Friday, May 28, 2010

Brain beach

Someone or some ones came to me in the night. They gently tapped about the circumference of my skull until they could remove the top bit like a cap. Then, they reached in and took my brain. They got in their car, and drove to the beach, with my brain in a cooler rested upon a few water bottles and an egg salad sandwich.  They got to the beach, they drank their water, they ate their egg salad, and they rolled my brain out onto the beach. They built a sand castle around it, then played Godzilla and knocked the castle down. They did it again, and again. When the hunk of fat was thoroughly engrained with the tiny rocks, they put it back in their cooler and headed back. They came to me again, and replaced my brain, now gritty and scratchy. They welded the cap back on.

 

Of course, I remember none of this. All I have to go off of is the feeling in my skull, and this huge disfiguring scar.

Thursday, May 27, 2010

BEAST

I found myself in a corner. Turning to look see what had me pinned, I could smell the odor that gets on your hands when you hold a handful of change in a sweaty palm. I knew exactly what the beast was.

It’s flesh made of green paper that wasn’t really paper, but more sort of a thin denim with men’s’ faces and numbers of all sorts printed on it. It’s eyes, which glowed like mosquitoes that someone had set aflame, were each a golden coin that I immediately recognized as the new line of presidential dollars. The foot that had me pinned as well as its other three feet were made of burlap, with big cartoonish dollar signs printed on them. I could only assume that the burlap be filled with gold bricks.

When it snarled, which it did on a non-stop basis, I could see it’s bank-teller-pen-with-the-ball-chain-still-attached teeth and its cashier’s-check tongue. With every snarl pennies came forth from the mouth, some casually dripping from the sides and down it’s chin while others came at me like rockets.

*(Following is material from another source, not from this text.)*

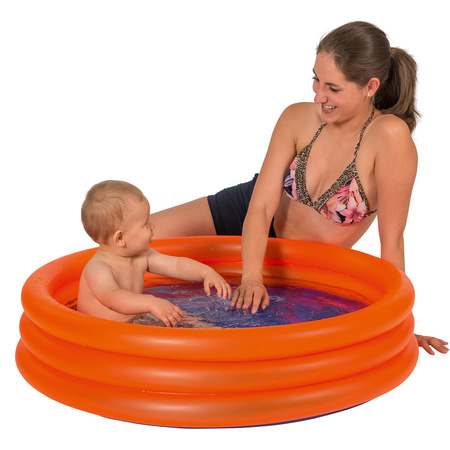 Oranje opblaasbaar zwembad baby badje 100 x 23 speelgoed bestellen voor € het Knuffelparadijs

I knew it didn’t want to kill me. These types of beasts rarely do. More often than most, they just like to play with your life for a while, like it’s their little toy mouse.

I’m starting to learn that playing dead isn’t the solution. Fight your way out, I tell me. And so I listen.

Wednesday, May 26, 2010

Poor Buttercup

I picture a wall nigh ten feet in front of the speeding horse I ride. As that ten feet turns to zero, blood rushes through to my hands and I see the veins pulsate over my knuckles. There is no flash of my life. The horses face flattens against the wall in slow motion, with every cracked bone, broken tooth, and other detail enhanced like it was remastered.
 Poor Buttercup.
 As the horse has now stopped moving and I haven’t, I feel myself leaving the saddle, my face accelerating towards the wall at speed. Fruitlessly, I start to throw my pulsating hands up to protect my precious nose, but it’s too late. Fruitfully, I close my eyes. Again, in slow motion, I feel the pressure on my nose and cheek, knowing soon that I’ll hear cracks and pops and the pain that follows will be devastating. Something interesting happens. The pressure is suddenly relieved, in the same fashion that the pressure on a pencil might be relieved just as it punctures a piece of paper.
 My body feels like it’s being drawn through a sheet of water. The edge of what I can only assume is reality is peeling down me as I continue with my horseless forward momentum. Just as I feel that edge lapse my feet I find the will to reopen my eyes. The first thing I gaze upon is my hands, as they’re right in front of my face. Blue. Hazy. Translucent. Odd.
 I realize now that I was several feet off the ground, being without a horse. I look down to discover no ground, and pause for a moment to discover no sense of movement. I turn back to try to decipher where I am or how I got here, only to find nothing. The same nothing that is everywhere else.
 Well. Shit. I wish I had a hamburger.
 And I have a hamburger.

Maybe it’s not so bad here.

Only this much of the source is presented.